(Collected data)
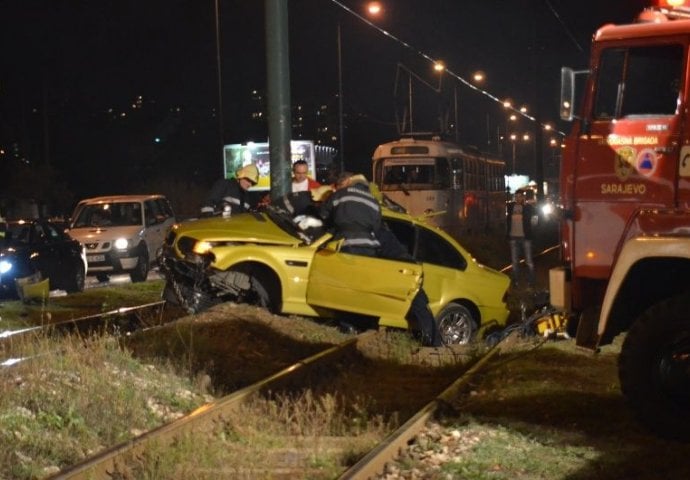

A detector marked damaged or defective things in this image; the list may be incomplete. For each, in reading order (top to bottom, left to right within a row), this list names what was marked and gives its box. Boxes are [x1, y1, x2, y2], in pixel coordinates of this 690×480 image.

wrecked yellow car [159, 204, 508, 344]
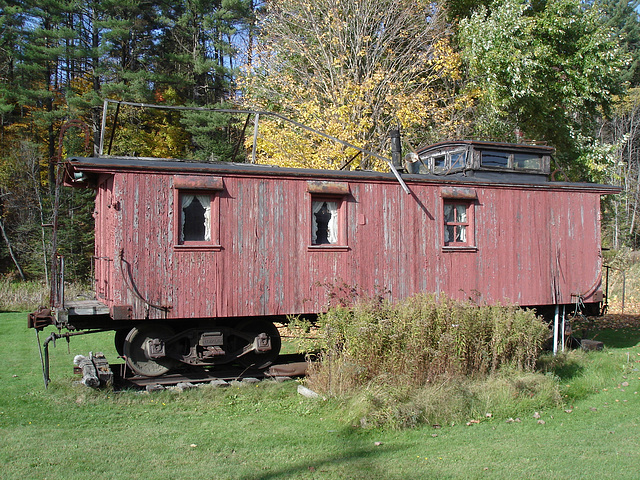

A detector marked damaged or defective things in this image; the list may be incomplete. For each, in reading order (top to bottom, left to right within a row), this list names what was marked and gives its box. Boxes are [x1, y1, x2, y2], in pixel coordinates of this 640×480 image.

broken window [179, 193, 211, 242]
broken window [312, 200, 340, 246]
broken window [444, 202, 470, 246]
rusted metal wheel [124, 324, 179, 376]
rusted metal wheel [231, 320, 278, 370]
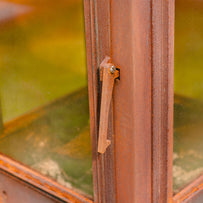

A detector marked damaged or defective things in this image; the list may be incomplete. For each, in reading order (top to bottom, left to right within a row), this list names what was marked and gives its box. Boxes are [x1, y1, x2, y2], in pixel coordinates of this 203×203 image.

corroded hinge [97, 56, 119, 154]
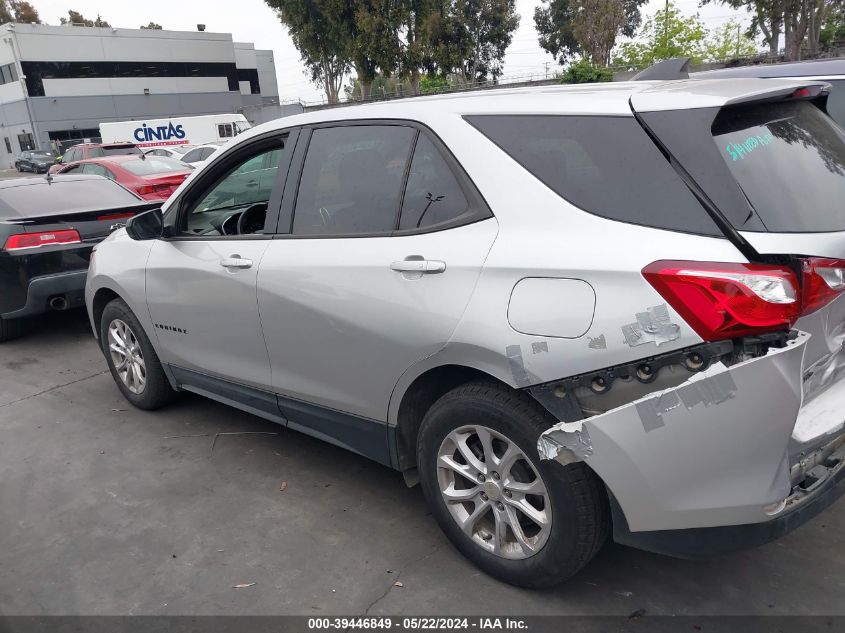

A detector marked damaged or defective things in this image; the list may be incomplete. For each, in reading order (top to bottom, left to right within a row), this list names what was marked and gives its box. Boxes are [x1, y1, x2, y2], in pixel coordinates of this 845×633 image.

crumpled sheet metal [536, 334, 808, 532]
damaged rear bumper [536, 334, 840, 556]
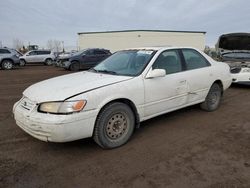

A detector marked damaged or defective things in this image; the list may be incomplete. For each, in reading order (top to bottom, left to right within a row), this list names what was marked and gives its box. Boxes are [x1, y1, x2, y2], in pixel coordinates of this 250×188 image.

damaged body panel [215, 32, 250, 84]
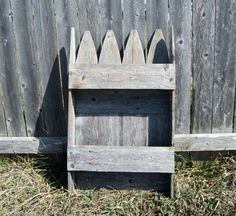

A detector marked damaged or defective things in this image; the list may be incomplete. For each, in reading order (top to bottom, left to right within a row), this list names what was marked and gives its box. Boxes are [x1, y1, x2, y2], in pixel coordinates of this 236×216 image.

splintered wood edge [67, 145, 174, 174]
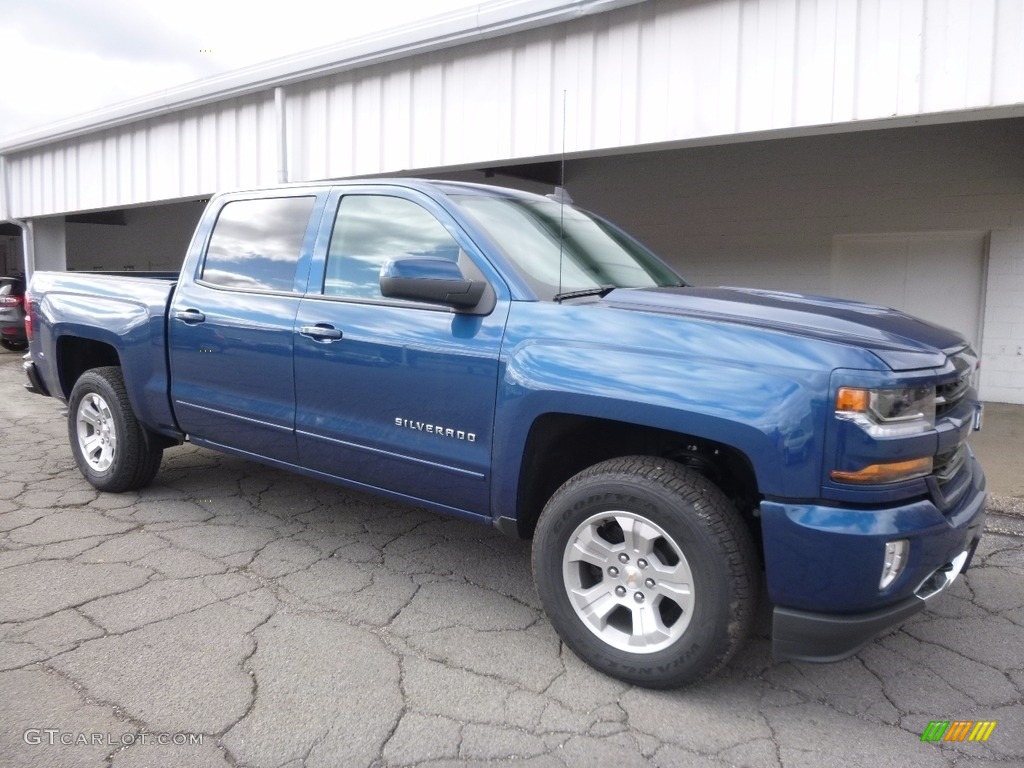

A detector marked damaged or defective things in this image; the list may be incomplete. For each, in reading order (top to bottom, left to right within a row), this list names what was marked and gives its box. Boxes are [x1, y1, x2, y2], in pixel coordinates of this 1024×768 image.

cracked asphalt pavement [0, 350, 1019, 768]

### What to do
Write the records out again exactly as shown above, keeping no pictures.

### Exercise solution
A detector marked damaged or defective things in this image; the list may be incomplete. For each, in reading order (top to bottom, left to right within a row), this list names what was marked and gives its box. Boxes are [x1, y1, x2, y2], in pixel coordinates of this 690×480 image.

wrecked yellow car [159, 204, 508, 344]

A detector marked damaged or defective things in this image; the list may be incomplete. For each, in reading order (top to bottom, left to right within a row), this list names what was marked and gives its box. Boxes are [x1, y1, x2, y2], in pixel coordinates of this 640×480 image.

broken window [179, 193, 211, 242]
broken window [312, 200, 340, 246]
broken window [444, 202, 470, 246]
rusted metal wheel [124, 324, 179, 376]
rusted metal wheel [231, 320, 278, 370]

A detector marked damaged or defective things in this image; the list may be incomplete. For each, in reading order (top to bottom, left to right within a row), this list names what was marked and gives its box. Boxes are [x1, y1, x2, y2], in pixel coordinates of this 203×203 image.

corroded hinge [97, 56, 119, 154]

A detector marked damaged or defective things in this image; the list may be incomplete. For each, in reading order (top to bottom, left to right within a row), this list names what was marked and gives its box. Boxes are [x1, y1, x2, y2], in pixel coordinates of this 845×633 image.

crumpled sheet metal [536, 334, 808, 532]
damaged rear bumper [536, 334, 840, 556]

A detector marked damaged or defective things in this image; the list may be incomplete. For each, in reading order (top to bottom, left to right within a row), this list names what was marked and gives its box. Boxes are [x1, y1, x2, y2], in pixel coordinates of this 250×188 image.

damaged body panel [215, 32, 250, 84]

A detector marked damaged or defective things in this image; the list may be incomplete. For each, in reading order (top to bottom, left to right within a row), this list names what was marked and gives its box. Boxes are [x1, y1, x2, y2], in pixel coordinates of this 236×216 image.

splintered wood edge [67, 145, 174, 174]

A detector marked damaged or defective things in this image; the list may be incomplete. For each, in reading order (top to bottom, left to right within a row), this list names what was marked and gives its box. Boxes are [x1, y1, x2, y2], in pixel coordinates of this 1024×768 image.

cracked asphalt pavement [0, 350, 1019, 768]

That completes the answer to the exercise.